▶ What is required: Among the lines below, count those with the word "Mini". Answer with the number only.

(Brief descriptive captions)
= = = =
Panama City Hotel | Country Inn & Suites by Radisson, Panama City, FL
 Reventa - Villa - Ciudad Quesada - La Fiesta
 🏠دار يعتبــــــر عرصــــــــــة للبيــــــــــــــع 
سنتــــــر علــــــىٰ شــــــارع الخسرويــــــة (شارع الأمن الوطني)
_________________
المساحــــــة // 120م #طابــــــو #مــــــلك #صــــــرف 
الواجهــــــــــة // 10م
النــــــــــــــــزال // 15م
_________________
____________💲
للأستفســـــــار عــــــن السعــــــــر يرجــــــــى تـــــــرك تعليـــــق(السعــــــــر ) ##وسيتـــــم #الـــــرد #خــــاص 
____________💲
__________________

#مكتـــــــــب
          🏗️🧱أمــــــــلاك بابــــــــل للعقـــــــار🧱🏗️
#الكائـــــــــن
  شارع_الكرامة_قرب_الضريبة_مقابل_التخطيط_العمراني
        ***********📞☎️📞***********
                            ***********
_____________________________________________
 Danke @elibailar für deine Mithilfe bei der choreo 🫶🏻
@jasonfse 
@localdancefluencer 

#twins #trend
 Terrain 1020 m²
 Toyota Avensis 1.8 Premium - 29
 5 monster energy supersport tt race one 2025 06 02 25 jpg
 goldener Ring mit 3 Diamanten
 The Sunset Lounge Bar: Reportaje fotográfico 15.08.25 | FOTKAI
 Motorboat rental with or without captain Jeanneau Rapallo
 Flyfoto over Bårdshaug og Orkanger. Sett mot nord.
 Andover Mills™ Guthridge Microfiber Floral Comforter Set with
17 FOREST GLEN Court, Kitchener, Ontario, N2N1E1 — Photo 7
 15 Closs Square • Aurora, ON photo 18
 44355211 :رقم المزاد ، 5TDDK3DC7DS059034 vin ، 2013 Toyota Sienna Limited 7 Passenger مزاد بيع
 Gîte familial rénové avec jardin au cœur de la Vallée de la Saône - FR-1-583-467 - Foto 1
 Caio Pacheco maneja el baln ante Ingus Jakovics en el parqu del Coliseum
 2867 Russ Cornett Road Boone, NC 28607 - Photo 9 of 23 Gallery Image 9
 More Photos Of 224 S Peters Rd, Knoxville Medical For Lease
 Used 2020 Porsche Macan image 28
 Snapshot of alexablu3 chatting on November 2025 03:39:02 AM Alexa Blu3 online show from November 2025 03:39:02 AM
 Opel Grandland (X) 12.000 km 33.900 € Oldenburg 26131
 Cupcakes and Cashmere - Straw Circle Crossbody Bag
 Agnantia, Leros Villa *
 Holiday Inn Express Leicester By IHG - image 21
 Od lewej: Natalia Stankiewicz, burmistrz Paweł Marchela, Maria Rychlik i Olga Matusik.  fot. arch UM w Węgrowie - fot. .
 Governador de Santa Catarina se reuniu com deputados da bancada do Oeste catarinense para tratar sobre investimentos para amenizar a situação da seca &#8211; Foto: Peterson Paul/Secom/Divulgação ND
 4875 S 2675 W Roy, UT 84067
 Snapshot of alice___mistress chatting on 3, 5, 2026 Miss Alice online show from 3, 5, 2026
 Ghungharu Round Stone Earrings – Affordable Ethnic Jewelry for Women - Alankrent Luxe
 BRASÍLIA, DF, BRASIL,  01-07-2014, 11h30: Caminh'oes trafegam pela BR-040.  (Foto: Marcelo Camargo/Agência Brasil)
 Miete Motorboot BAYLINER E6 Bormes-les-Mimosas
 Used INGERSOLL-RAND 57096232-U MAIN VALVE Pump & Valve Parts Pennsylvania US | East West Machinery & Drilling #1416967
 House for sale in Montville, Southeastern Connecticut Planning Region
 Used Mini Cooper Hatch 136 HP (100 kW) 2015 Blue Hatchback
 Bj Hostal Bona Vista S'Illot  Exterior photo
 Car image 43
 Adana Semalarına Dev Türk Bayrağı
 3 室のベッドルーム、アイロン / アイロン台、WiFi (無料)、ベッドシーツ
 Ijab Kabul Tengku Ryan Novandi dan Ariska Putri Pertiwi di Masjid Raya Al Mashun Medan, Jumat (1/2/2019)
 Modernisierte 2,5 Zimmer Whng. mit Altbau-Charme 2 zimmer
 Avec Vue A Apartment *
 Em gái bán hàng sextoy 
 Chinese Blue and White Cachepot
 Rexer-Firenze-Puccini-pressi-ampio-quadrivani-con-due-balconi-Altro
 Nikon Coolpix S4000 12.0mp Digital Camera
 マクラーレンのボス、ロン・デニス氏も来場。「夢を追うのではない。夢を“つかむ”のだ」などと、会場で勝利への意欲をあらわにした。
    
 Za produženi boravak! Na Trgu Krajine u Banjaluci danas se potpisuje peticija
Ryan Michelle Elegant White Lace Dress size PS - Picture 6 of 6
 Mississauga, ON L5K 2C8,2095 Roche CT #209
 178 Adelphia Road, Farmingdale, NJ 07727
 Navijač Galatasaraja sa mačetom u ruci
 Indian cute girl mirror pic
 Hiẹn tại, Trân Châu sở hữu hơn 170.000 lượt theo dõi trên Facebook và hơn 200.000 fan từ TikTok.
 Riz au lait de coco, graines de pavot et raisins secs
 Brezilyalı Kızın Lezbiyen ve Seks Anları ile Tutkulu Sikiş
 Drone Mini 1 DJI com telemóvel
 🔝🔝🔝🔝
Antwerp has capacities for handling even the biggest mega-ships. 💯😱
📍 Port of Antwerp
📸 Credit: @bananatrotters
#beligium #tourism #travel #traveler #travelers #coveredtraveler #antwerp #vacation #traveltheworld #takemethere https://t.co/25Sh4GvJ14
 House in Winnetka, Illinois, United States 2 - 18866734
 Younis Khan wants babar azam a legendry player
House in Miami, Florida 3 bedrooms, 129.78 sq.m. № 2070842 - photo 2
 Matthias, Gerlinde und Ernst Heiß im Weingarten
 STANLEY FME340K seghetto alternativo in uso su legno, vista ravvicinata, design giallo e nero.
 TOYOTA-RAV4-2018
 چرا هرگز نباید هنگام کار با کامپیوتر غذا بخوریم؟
= = = =
▶ Your solution: 2